Copy out exactly the lines below that run from the one holding "Mangalagiri cotton saree" to the one holding "Retro Gotische Heart", keeping both of those lines and no others.

# Dataset content:
- - - -

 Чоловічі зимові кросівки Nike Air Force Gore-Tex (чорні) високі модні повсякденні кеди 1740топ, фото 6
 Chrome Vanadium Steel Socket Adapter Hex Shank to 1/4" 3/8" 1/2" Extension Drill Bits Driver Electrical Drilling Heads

- - - -

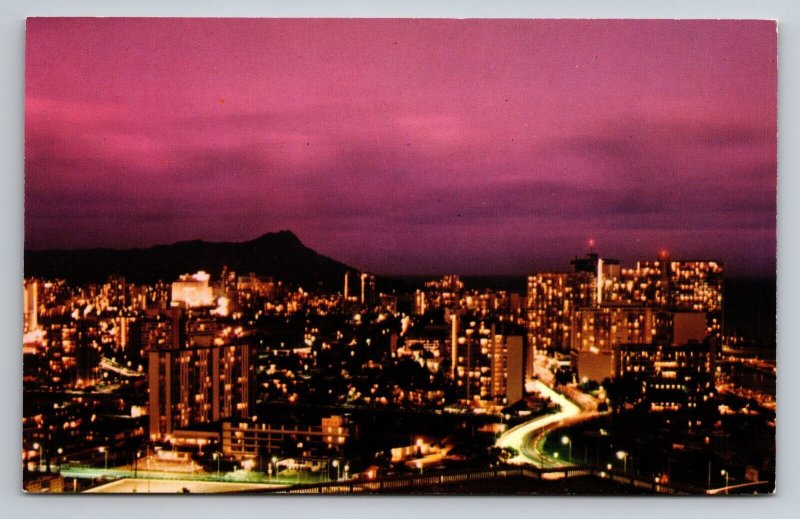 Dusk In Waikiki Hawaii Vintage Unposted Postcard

- - - -

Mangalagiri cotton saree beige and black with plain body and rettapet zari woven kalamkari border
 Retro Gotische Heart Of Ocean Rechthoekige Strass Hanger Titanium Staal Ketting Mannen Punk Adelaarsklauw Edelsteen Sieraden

- - - -

# Answer to the problem:
Mangalagiri cotton saree beige and black with plain body and rettapet zari woven kalamkari border
 Retro Gotische Heart Of Ocean Rechthoekige Strass Hanger Titanium Staal Ketting Mannen Punk Adelaarsklauw Edelsteen Sieraden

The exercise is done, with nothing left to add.